ニュース

ASUSやHTCを支援したTAITRAが全世界で展開する「TAIWAN EXCELLENCE」、そのロゴの意味とは

TAITRAはCOMPUTEX TAIPEIの主催者としても知られている

 中華民国(台湾)政府経済部と民間の半官半民で運営されているTAITRA(タイトラ、台湾貿易センター)は23日(現地時間)、日本の報道向けに台北市内にある同団体本部で記者説明会を行ない、TAITRAの事業の概要、TAITRAが世界的に展開している「TAIWAN EXCELLENCE」と呼ばれる取り組みなどについて説明した。
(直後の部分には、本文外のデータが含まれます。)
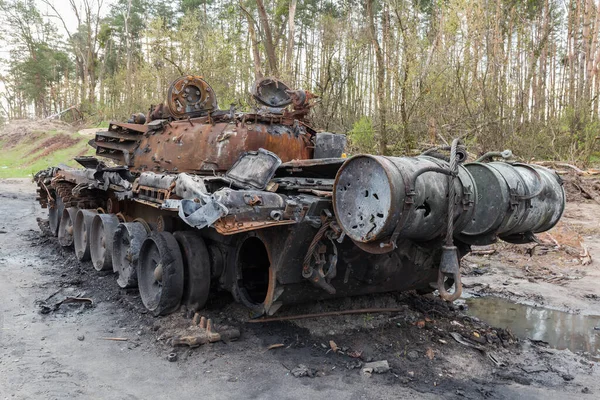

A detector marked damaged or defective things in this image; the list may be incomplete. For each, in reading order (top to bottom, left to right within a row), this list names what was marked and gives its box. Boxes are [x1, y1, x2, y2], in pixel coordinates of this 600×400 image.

 日本で販売されている製品にも、TAIWAN EXCELLENCEのロゴが外箱についている台湾製品は少なくないが、それが何を意味しているかを知っている人はあまり多くないのではないだろうか。TAITRAによれば、TAIWAN EXCELLENCEは台湾製品の中でもデザイン、品質、マーケティング、研究開発などに優れた製品に贈られる賞で、上位のゴールドは年間で10製品にしか与えられないという。

台湾企業のブランド認知度向上、輸出増を目指すTAITRA、IoTソリューションに政府を上げて取り組む

 TAITRA 戦略マーケティング部門上級部長のレイモンド・チャン氏によれば「TAITRAは台湾政府の経済部が半分、産業界の組合などが半分という半官半民の組織。台湾のメーカーが海外のトレードショーに出展する場合にコストを安く抑えて出展することを手伝ったり、国内のスタートアップ企業がそうしたイベントが出展するお手伝いをしている組織」になる。TAITRAは日本で言えば、JETRO(ジェトロ)に相当する組織だが、JETROは専門の展示会組織を持っていないのに対して、TAITRAではCOMPUTEX TAIPEIのような展示会を開催する部門を持っていること、さらには人材育成部門を備えているところが大きな違いになるという。人材育成部門では、卒業前にインターシップとして横浜、福岡に人材を派遣して、実際台湾の企業の東京支社に採用されているという例も多数ある。

TAITRA 戦略マーケティング部門 上級部長 レイモンド・チャン氏
COMPUTEX TAIPEIの主催者としても知られているTAITRA
TAITRAの目的と目標

 現在TAITRAが力を入れているのは、TAIWAN EXCELLENCEと呼ばれる台湾ブランドの訴求、そしてスタートアップ企業の支援、そしてICTの分野ではIoT(Internet of Things)で知られる、ネットワーク機能を備えた機器向けのプラットフォーム創成など。

 TAIWAN EXCELLENCEは1993年から24年間に渡って継続しされている取り組みで、台湾発のブランドを増やそうというプロジェクトだという。このTAIWAN EXCELLENCEは、日本で言えば「グッドデザイン賞」に近いいわゆるアワードだが、グッドデザイン賞との大きな違いは、受賞することで、その企業はTAITRAが海外で行なう共同PRイベントなどに、2~3年は自由に参加出来ることなどがある。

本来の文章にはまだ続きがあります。